Using Gurobi within MATLAB's Problem-Based Optimization

Starting with release R2017b, the MATLAB Optimization Toolbox offers an alternative way to formulate optimization problems, coined “Problem-Based Optimization”. In this section we'll explain how this modeling technique can be used in combination with the Gurobi solver.

The problem-based modeling approach uses an object-oriented paradigm for the components of an optimization problem; the optimization problem itself, the decision variables, and the linear constraints are represented by objects. Their creation and modification is effected through methods. The complete documentation for problem-based optimization is part of the Optimization Toolbox; we will only walk through a simple example. For this it is important that your MATLAB path contains Gurobi's example directory, which can be set as follows:


addpath(fullfile(<path_to_Gurobi>, <architecture>, 'examples', 'matlab'));

The first step is to create an optimization problem:

prob = optimproblem('ObjectiveSense','maximize');

The variable prob now refers to an optimization problem object, which we have specified to be a maximization problem. Next we create three non-negative optimization variables: x, y and z:

x = optimvar('x', 'LowerBound', 0);
y = optimvar('y', 'LowerBound', 0);
z = optimvar('z', 'LowerBound', 0);

With these variables at hand, we now build linear expressions in order to set an objective function, and to add two linear constraints to prob:

prob.Objective = x + 2 * y + 3 * z;
prob.Constraints.cons1 = x + y <= 1;
prob.Constraints.cons2 = y + z <= 1;

Finally we create an options object that guides prob's solution method to the linear program solver function linprog, and call the solve method.

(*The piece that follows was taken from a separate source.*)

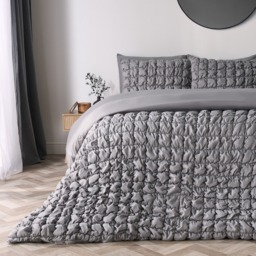 OHS Quilted Seersucker Duvet Cover Set, Grey - Double - thumbnail 1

options = optimoptions('linprog');
sol = solve(prob, options);

Since the examples directory of the Gurobi installation has been added to the path in the very first step above, a bit of magic happens at this stage: The directory contains a file linprog.m, so that the invocation of the solve method ends up calling this latter function instead of the built-in function linprog of MATLAB's Optimization Toolbox. The following output from Gurobi will be shown on the console:

Optimize a model with 2 rows, 3 columns and 4 nonzeros
Coefficient statistics:
  Matrix range     [1e+00, 1e+00]
  Objective range  [1e+00, 3e+00]
  Bounds range     [0e+00, 0e+00]
  RHS range        [1e+00, 1e+00]
Presolve removed 2 rows and 3 columns
Presolve time: 0.03s
Presolve: All rows and columns removed
Iteration    Objective       Primal Inf.    Dual Inf.      Time
       0   -4.0000000e+00   0.000000e+00   0.000000e+00      0s

Solved in 0 iterations and 0.05 seconds
Optimal objective -4.000000000e+00

The example we just discussed can be found in the examples directory in the file opttoolbox_lp.m. The example opttoolbox_mip1.m shows an analogous problem formulation with integer variables, that uses the function intlinprog.m, also found in the Gurobi examples directory, as a surrogate for MATLAB's built-in counterpart.

The modeling constructs provided by the Optimization Toolbox do not cover all the features of Gurobi, e.g., SOS, semi-continuous variables and general constraints to name a few. Moreover not all Gurobi parameters have equivalent counterparts in the option objects for linprog and intlinprog. In order to use such features, Gurobi's own Matlab API should be used.